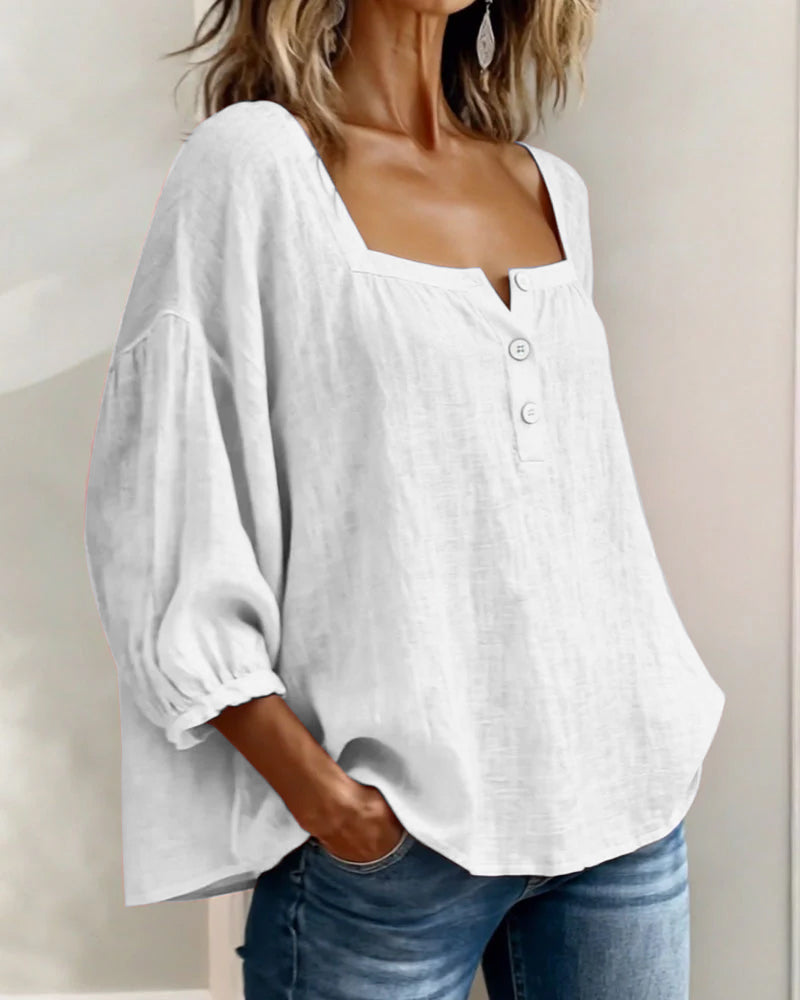 BRUNEL PARIS | BLOUSE À COL CARRE POUR FEMMES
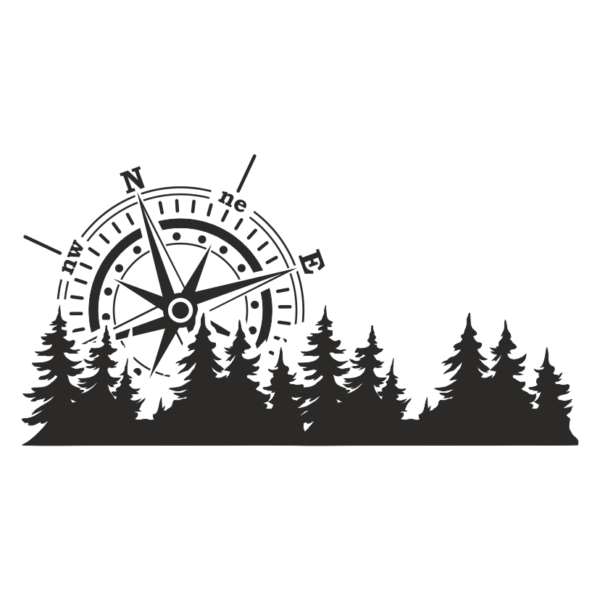 Стикер компас в гората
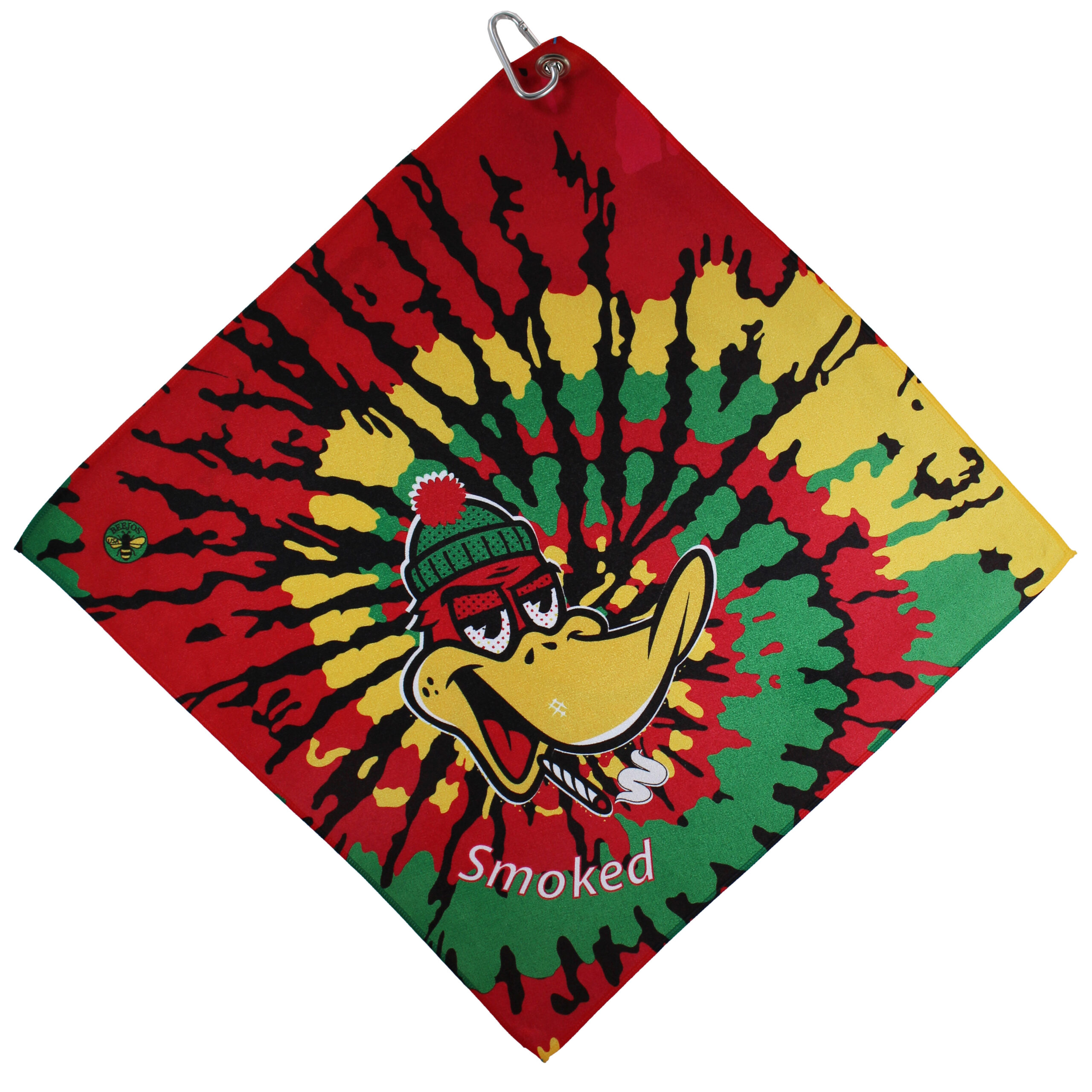 Smoked Ducky Microfiber Towel-Tie Dye Rasta Full front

About this exercise: Write out the whole listing exactly, and drop the pictures.

Response to the task:
 BRUNEL PARIS | BLOUSE À COL CARRE POUR FEMMES
 Стикер компас в гората
 Smoked Ducky Microfiber Towel-Tie Dye Rasta Full front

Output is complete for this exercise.